## Instructions for the task
The lines to repeat run from the one containing "What does literary success mean to you?" through the last line of the records below; repeat them exactly and give nothing more.

[The data — start]

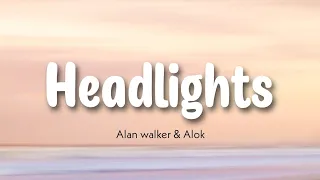 Headlights - Alok & Alan walker ( Lyrics Video )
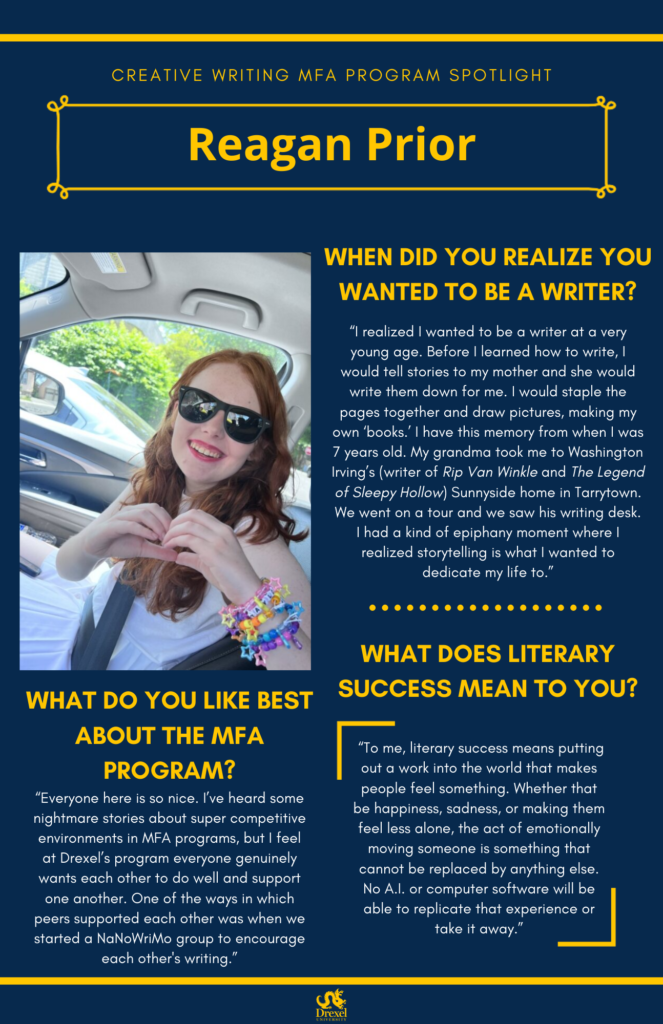 A blue background with yellow headers around the text. The headings are in yellow and regular text is in white.  The Drexel University logo is at the bottom. A photo of Reagan Prior, smiling in the car, wearing a white dress, black sunglasses, and multicolored friendship bracelets, is on the left. She has ginger hair. The text reads, "When did you realize you wanted to be a writer?
'I realized I wanted to be a writer at a very young age. Before I learned how to write, I would tell stories to my mother and she would write them down for me. I would staple the pages together and draw pictures, making my own ‘books.’ I have this memory from when I was 7 years old. My grandma took me to Washington Irving’s (writer of Rip Van Winkle and The Legend of Sleepy Hollow) Sunnyside home in Tarrytown. We went on a tour and we saw his writing desk. I had a kind of epiphany moment where I realized storytelling is what I wanted to dedicate my life to.'
What do you like best about the MFA program? 
'Everyone here is so nice. I’ve heard some nightmare stories about super competitive environments in MFA programs, but I feel at Drexel’s program everyone genuinely wants each other to do well and support one another. One of the ways in which peers supported each other was when we started a NaNoWriMo group to encourage each other's writing.'
What does literary success mean to you? 
'To me, literary success means putting out a work into the world that makes people feel something. Whether that be happiness, sadness, or making them feel less alone, the act of emotionally moving someone is something that cannot be replaced by anything else. No A.I. or computer software will be able to replicate that experience or take it away.'"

[The data — finish]

## Answer for the task
What does literary success mean to you? 
'To me, literary success means putting out a work into the world that makes people feel something. Whether that be happiness, sadness, or making them feel less alone, the act of emotionally moving someone is something that cannot be replaced by anything else. No A.I. or computer software will be able to replicate that experience or take it away.'"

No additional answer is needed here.